En quoi le développement des services publics est-il nécessaire au développement industriel  ?

Alain Obadia Les services publics ont un rôle de satisfaction des besoins de la société mais ils sont aussi un débouché fantastique pour l’industrie. Quand on développe les transports, on développe la filière ferroviaire… Quand on modernise les services énergétiques, il faut produire des turbines, du matériel qui est un élément de dynamisation de l’industrie. Mais les services publics sont aussi une fonction support au développement productif du pays. Une main-d’oeuvre formée correctement est essentielle pour la production, tout comme le réseau d’infrastructure. Avec les politiques d’austérité, le gouvernement met à mal ce potentiel et notre capacité à répondre au besoin de développement de la France.

Pour parvenir à ce renouveau industriel, vous proposez de remettre au goût du jour une planification. De quel type  ?

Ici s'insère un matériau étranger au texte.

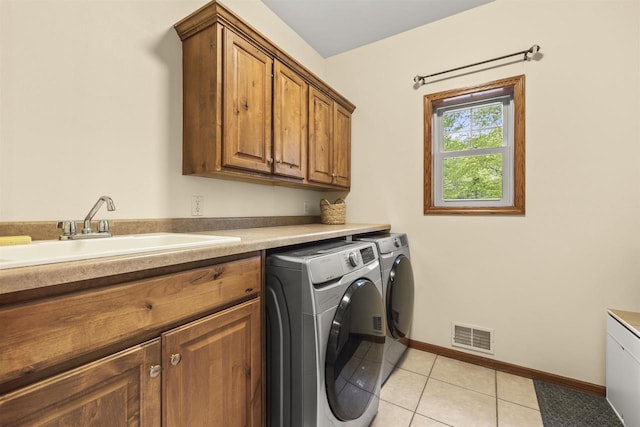 4700 Beaver Dam Rd, Stevens Point, WI 54482 - washroom with washer and clothes dryer, cabinet space, baseboards, and light tile patterned flooring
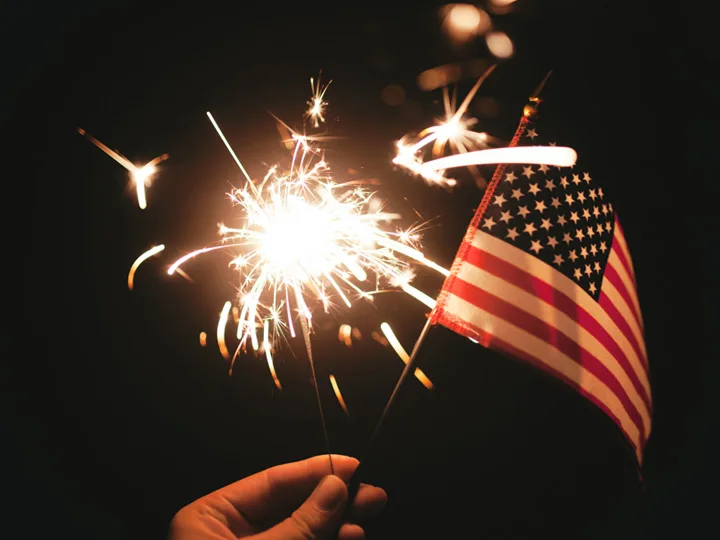 An American flag and a sparkler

Alain Obadia Face à la financiarisation de l’industrie, il faut une véritable rupture qui nécessite une véritable réflexion. Nous vivons une période de transformation profonde de notre société. Dans l’industrie automobile, par exemple, le passage à l’électrique nécessite des batteries mais aussi des modifications importantes sur les véhicules. Les batteries sont aujourd’hui produites en Asie, n’avons-nous pas des entreprises en France qui pourraient investir et produire ces batteries  ? La réponse est oui mais cette question ne doit pas être laissée à la seule appréciation financière des groupes automobile ou d’équipementiers. Tout cela doit être discuté dans le cadre d’une planification rénovée par un processus démocratique ambitieux.